*** Provided data Section Begins ***

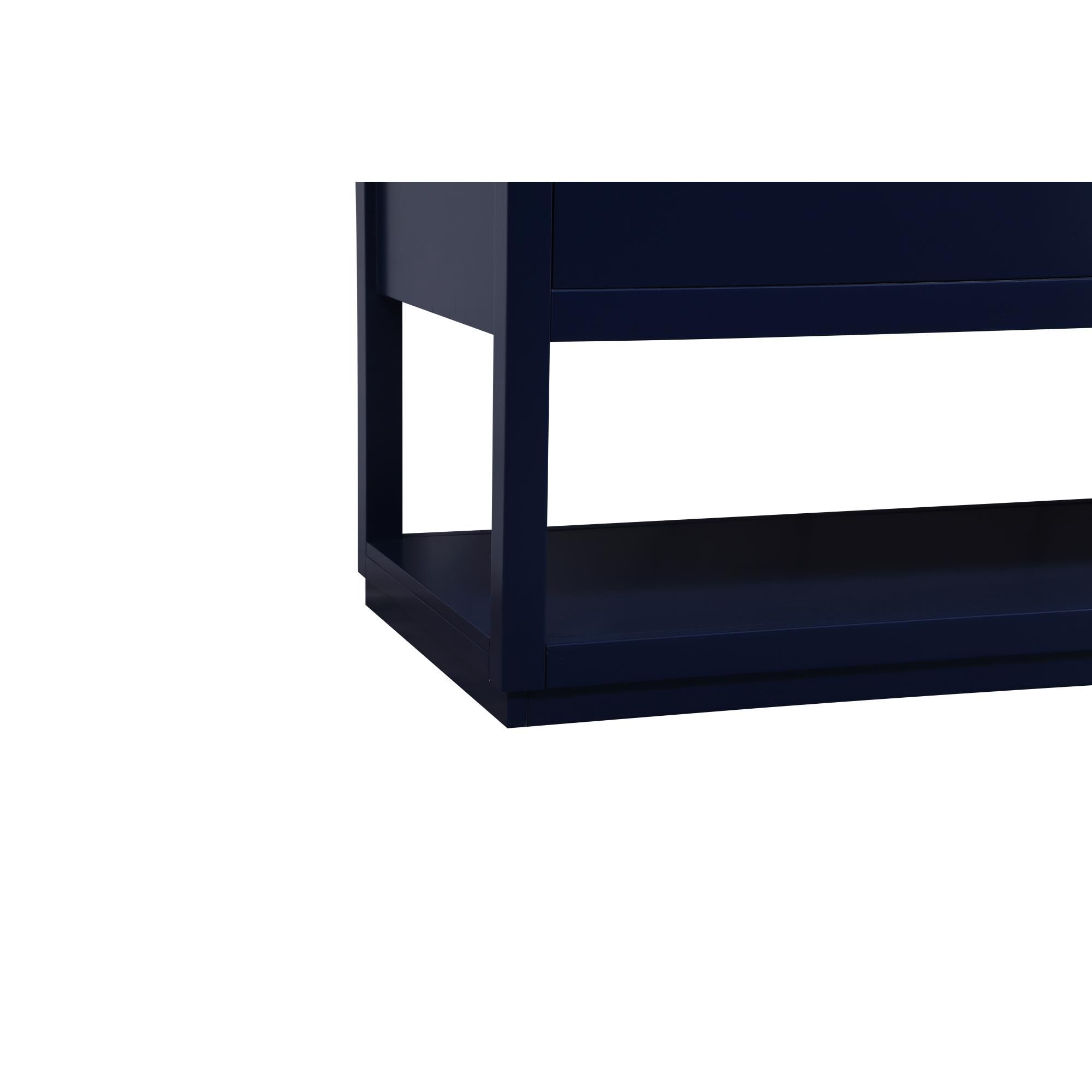 Shown in Blue finish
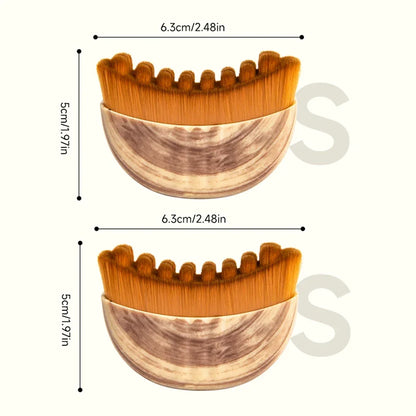 Brosse de Contour Facial — Drainage Lymphatique & Sculpture du Visage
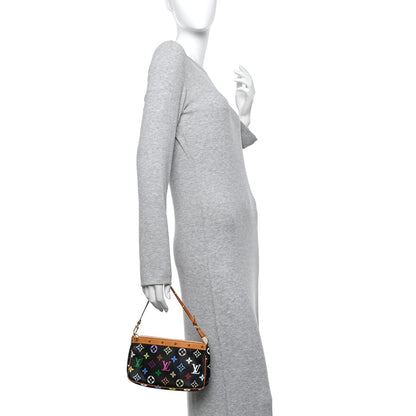 Monogram Multicolor Pochette Accessories Black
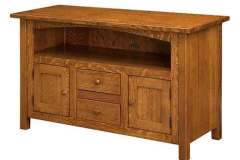 Shown here is the Rock Island plasma tv stand. Custom Amish craftsmanship at its best.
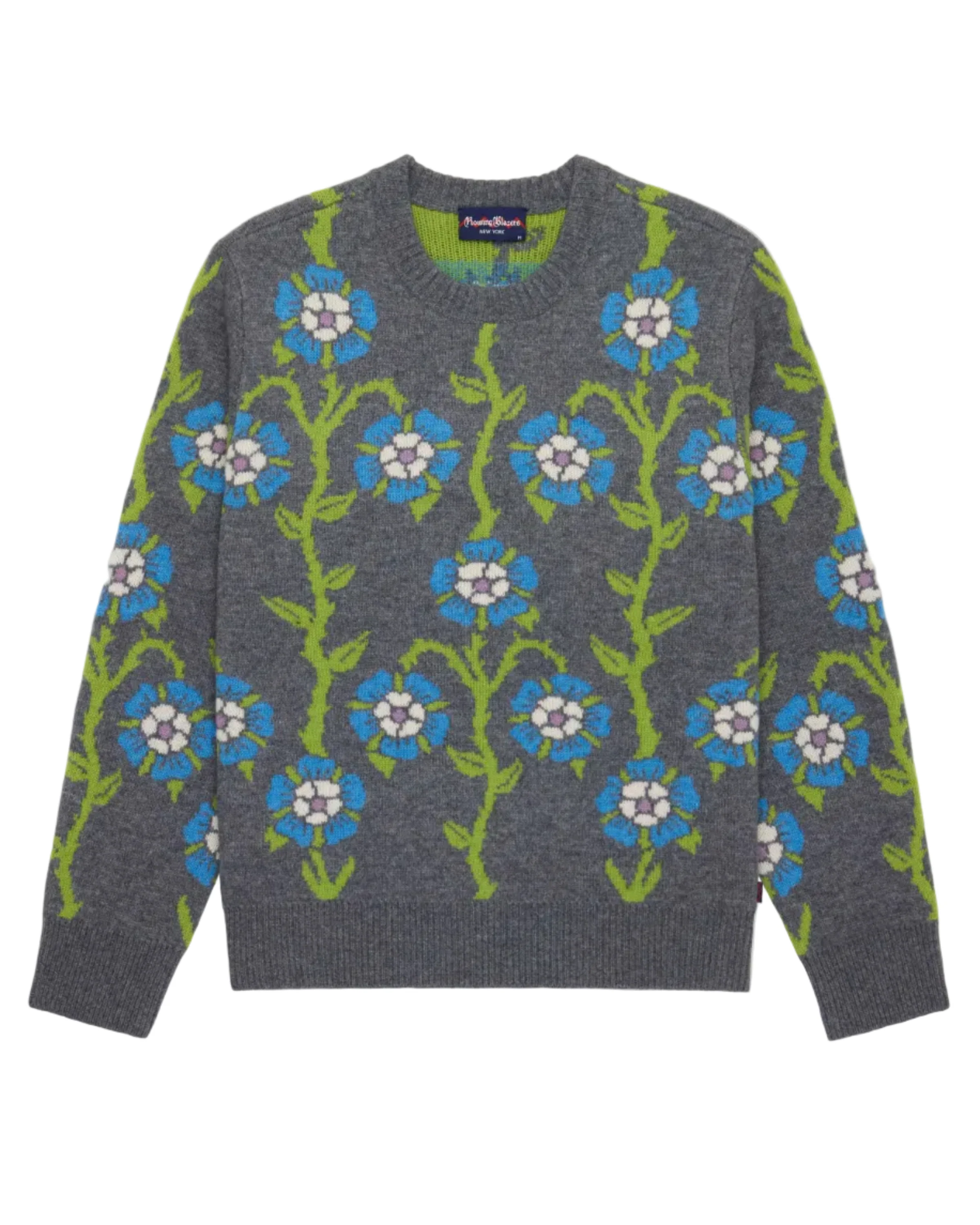 Roses Sweater Heather Grey Multi - Image 9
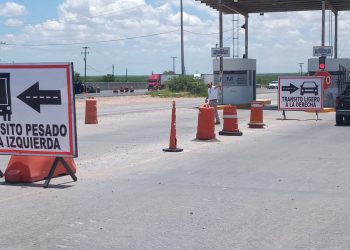 Instalan señalamientos en garita del Kilómetro 26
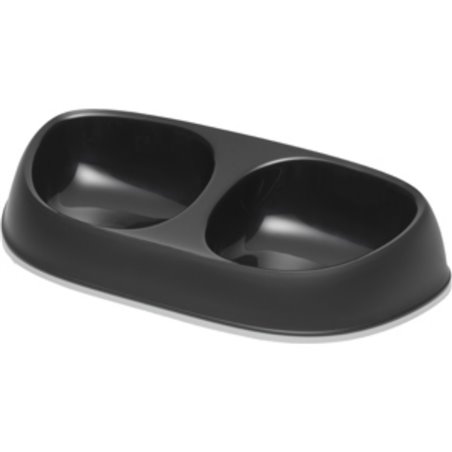 Eetpot exqi zwart 2 x 200ml 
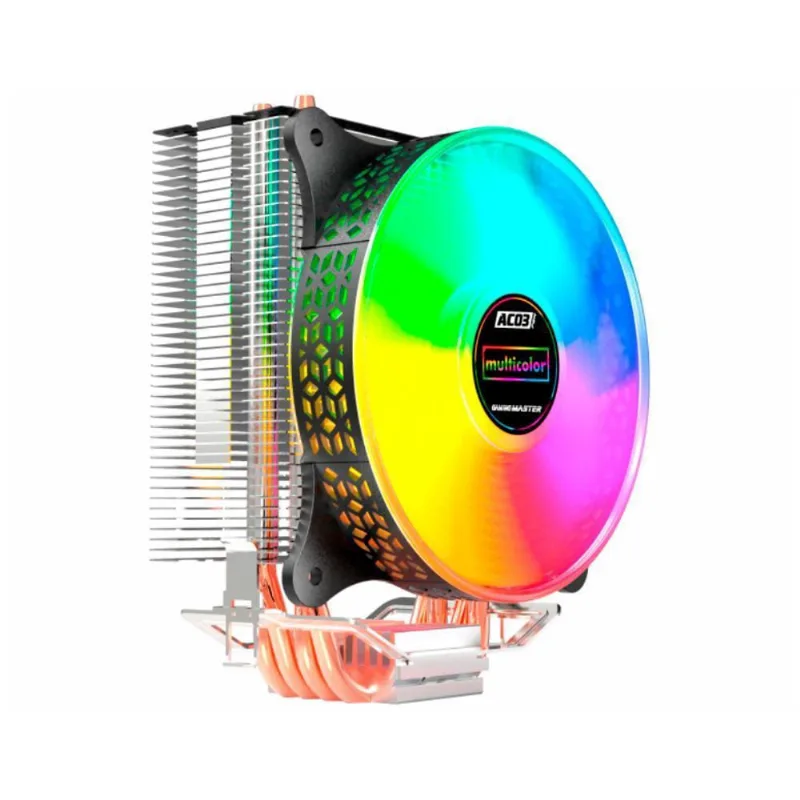 Cooler K-Mex Ac03 (Amd / Intel) - Led Multicolor - Com Pwm - K-mex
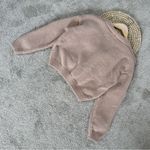 Luna Ivy Women’s 3D Flower Knit Cardigan Sweater Cropped Coquette in Cream S Pink Photo 7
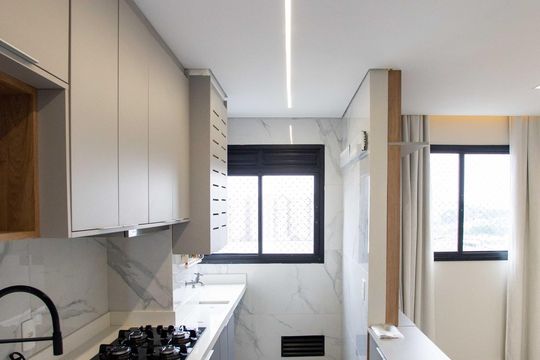 Cozinha de apartamento para alugar com 2 quartos, 40m² em Jardim Concordia, Diadema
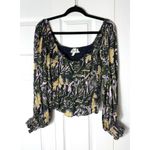 Cleobella Dakota Smocked Ruffle Peplum Long Sleeve Top Size Large Photo 1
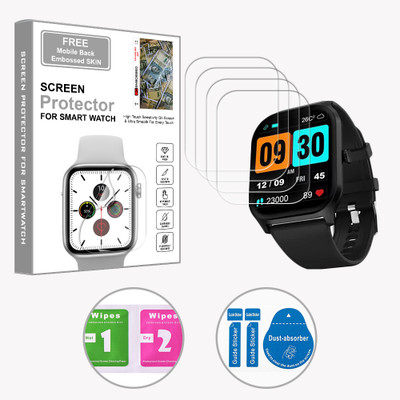 ARBAN Edge To Edge Screen Guard for Fire-Boltt Hunter 2.01 inch (FREE 1 MOBILE EMBOSSED SKIN) SMARTWATCH SCREEN GUARD(Pack of 4)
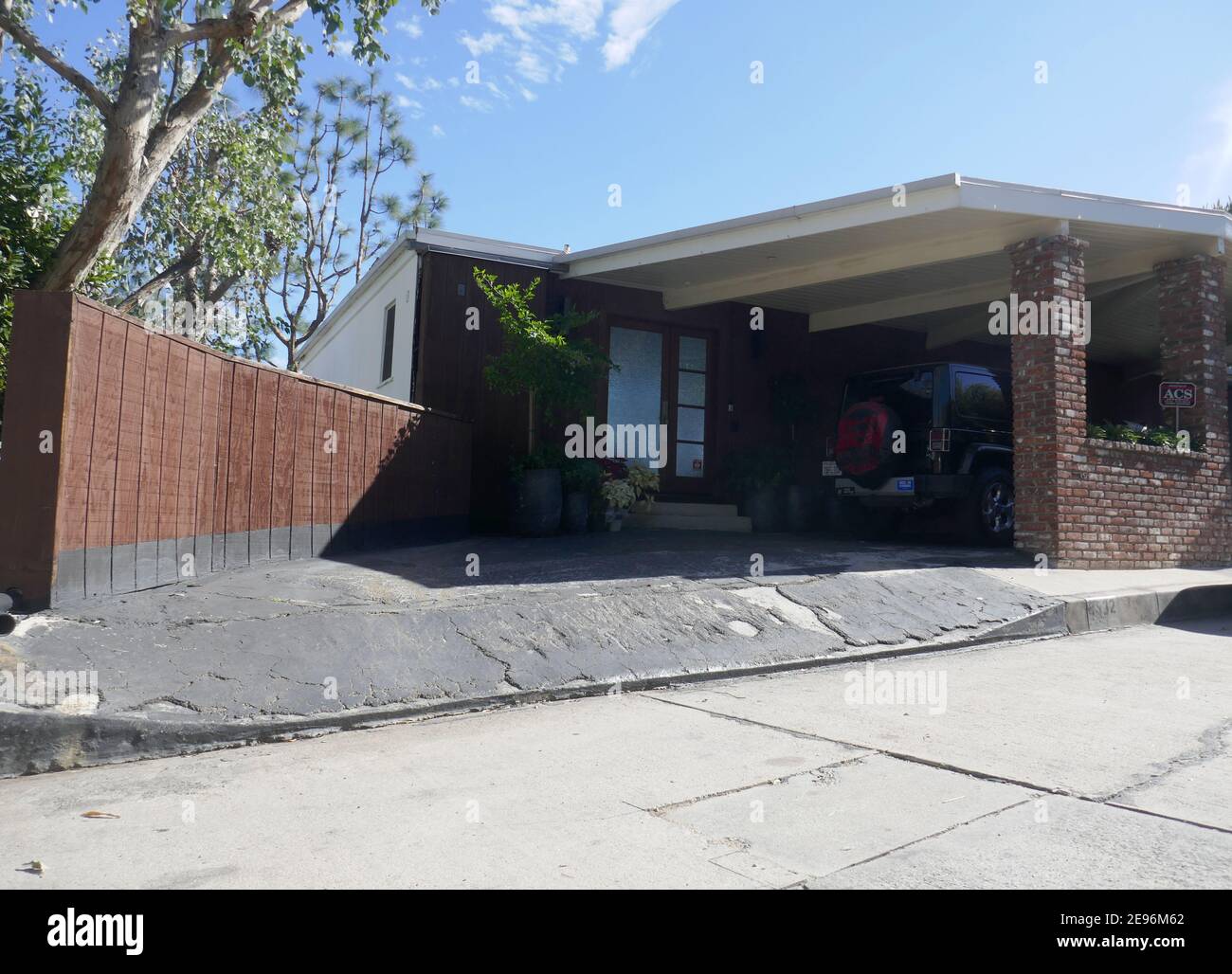 Los Angeles, Kalifornien, USA 2. Februar 2021 EIN allgemeiner Blick auf die Atmosphäre des Regisseurs John Carpenter's Home am 2. Februar 2021 in Los Angeles, Kalifornien, USA. Foto von Barry King/Alamy Stockfoto Stockfoto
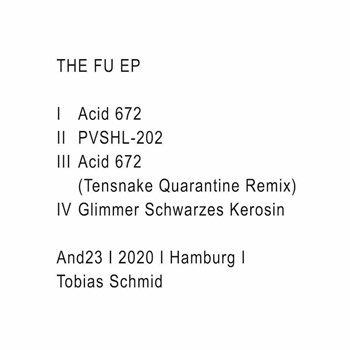 Tobias Schmid - THE FU EP - And Music Tobias Schmid - THE FU EP - And Music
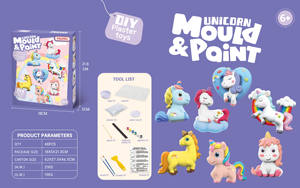 Juego de Pintura de Yeso <span class=keywords><strong>Serie</strong></span> 6, Juego de Arte y Manualidades, Juguete Educativo STEM, Juguetes de Dibujo Ecológicos para Niños - Product Image 5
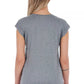 Chic Gray Printed Cotton Tee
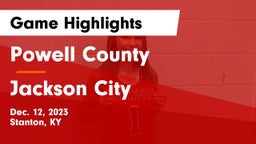 Powell County  vs Jackson City Game Highlights - Dec. 12, 2023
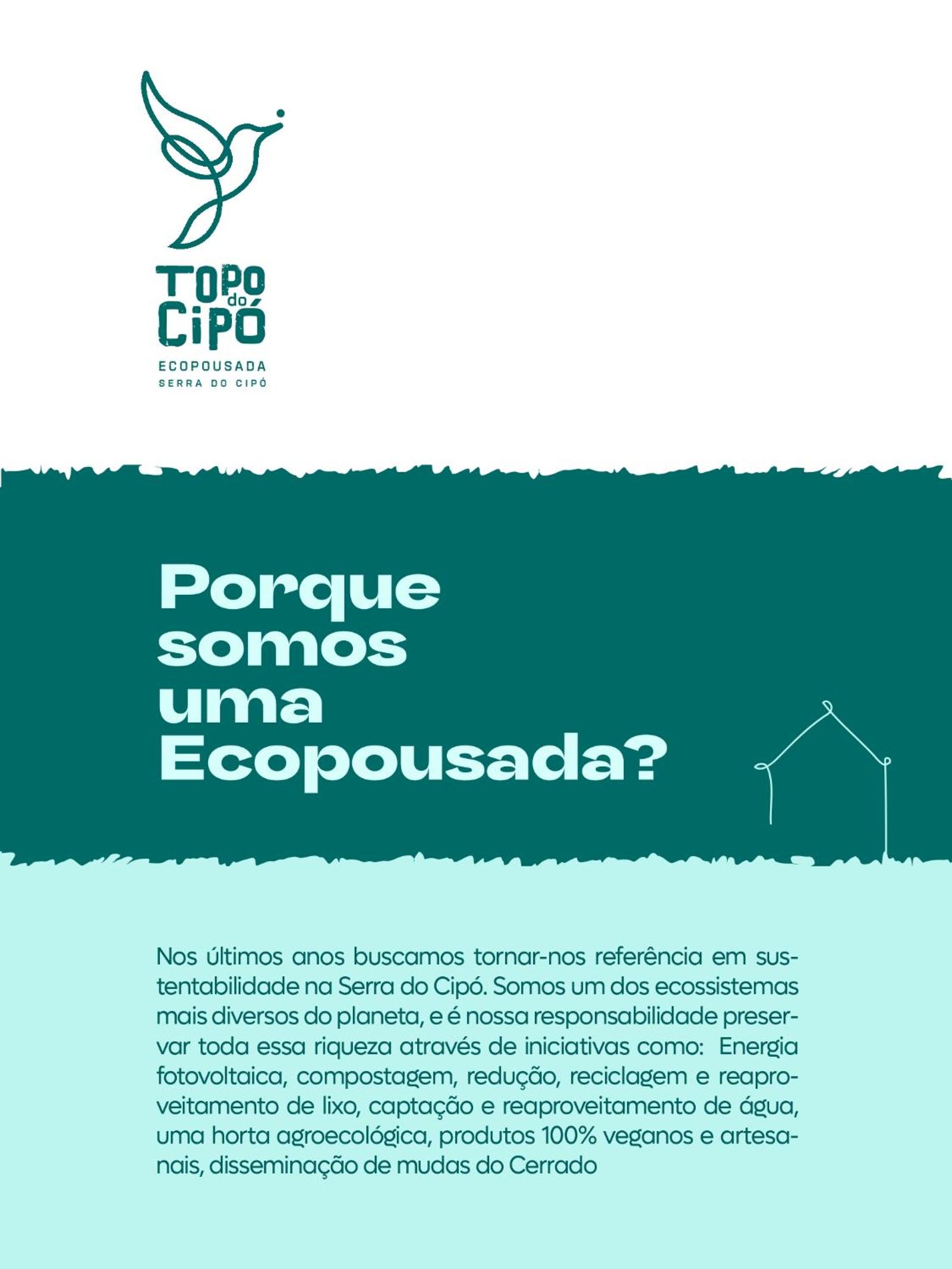Topo do Cipó Ecopousada Vegana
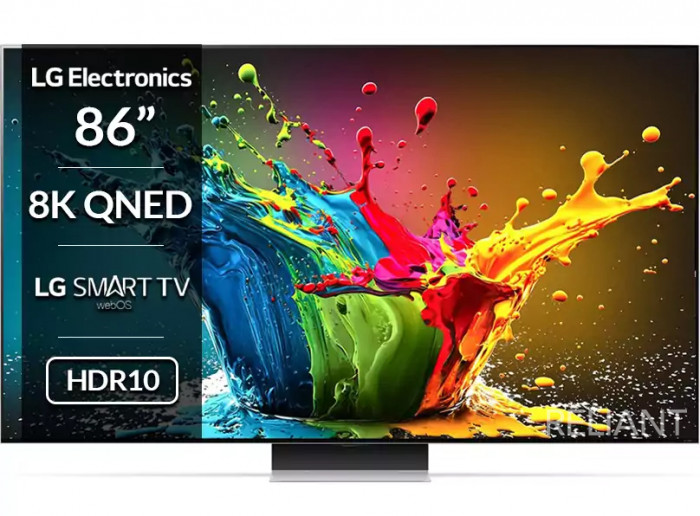 LG 86QNED99T9B (2024) QNED MiniLED HDR 8K Ultra HD Smart TV, 86 inch with Freeview Play/Freesat HD & Dolby Atmos, Satin Silver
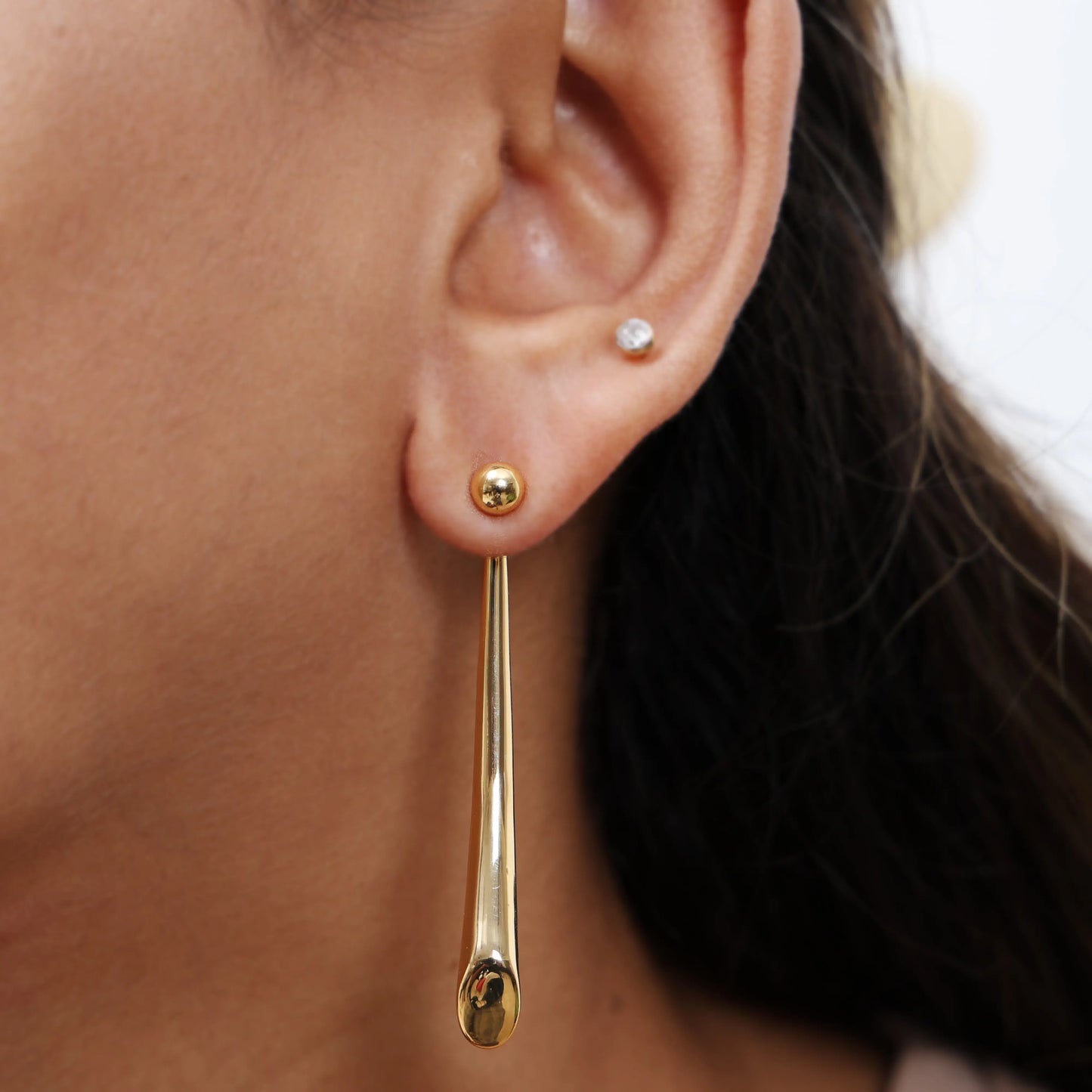 Back Drop Dangle Earrings
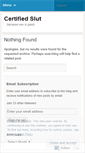 Mobile Screenshot of certifiedslut.wordpress.com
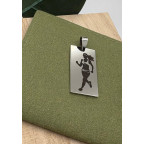 Oceľový prívesok - doštička 20 x 37 mm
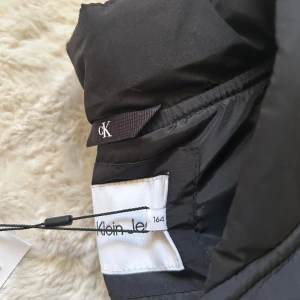 Svart dunväst från Calvin Klein Jeans - Svart dunväst från Calvin Klein Jeans med quiltad design och rak passform. Västen har ståkrage, två snedställda fickor framtill och dragkedja med logotypdetalj. Materialet är polyester och insidan är slät. Perfekt för lager-på-lager under kyliga dagar.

*** Provided data Section Ends ***

● Task statement
Reproduce the material word for word. Any pictures should be left out of the copy.

● Answer section
 Shown in Blue finish
 Brosse de Contour Facial — Drainage Lymphatique & Sculpture du Visage
 Monogram Multicolor Pochette Accessories Black
 Shown here is the Rock Island plasma tv stand. Custom Amish craftsmanship at its best.
 Roses Sweater Heather Grey Multi - Image 9
 Instalan señalamientos en garita del Kilómetro 26
 Eetpot exqi zwart 2 x 200ml 
 Cooler K-Mex Ac03 (Amd / Intel) - Led Multicolor - Com Pwm - K-mex
 Luna Ivy Women’s 3D Flower Knit Cardigan Sweater Cropped Coquette in Cream S Pink Photo 7
 Cozinha de apartamento para alugar com 2 quartos, 40m² em Jardim Concordia, Diadema
 Cleobella Dakota Smocked Ruffle Peplum Long Sleeve Top Size Large Photo 1
 ARBAN Edge To Edge Screen Guard for Fire-Boltt Hunter 2.01 inch (FREE 1 MOBILE EMBOSSED SKIN) SMARTWATCH SCREEN GUARD(Pack of 4)
 Los Angeles, Kalifornien, USA 2. Februar 2021 EIN allgemeiner Blick auf die Atmosphäre des Regisseurs John Carpenter's Home am 2. Februar 2021 in Los Angeles, Kalifornien, USA. Foto von Barry King/Alamy Stockfoto Stockfoto
 Tobias Schmid - THE FU EP - And Music Tobias Schmid - THE FU EP - And Music
 Juego de Pintura de Yeso <span class=keywords><strong>Serie</strong></span> 6, Juego de Arte y Manualidades, Juguete Educativo STEM, Juguetes de Dibujo Ecológicos para Niños - Product Image 5
 Chic Gray Printed Cotton Tee
 Powell County  vs Jackson City Game Highlights - Dec. 12, 2023
Topo do Cipó Ecopousada Vegana
 LG 86QNED99T9B (2024) QNED MiniLED HDR 8K Ultra HD Smart TV, 86 inch with Freeview Play/Freesat HD & Dolby Atmos, Satin Silver
 Back Drop Dangle Earrings
 Mobile Screenshot of certifiedslut.wordpress.com
 Oceľový prívesok - doštička 20 x 37 mm
 Svart dunväst från Calvin Klein Jeans - Svart dunväst från Calvin Klein Jeans med quiltad design och rak passform. Västen har ståkrage, två snedställda fickor framtill och dragkedja med logotypdetalj. Materialet är polyester och insidan är slät. Perfekt för lager-på-lager under kyliga dagar.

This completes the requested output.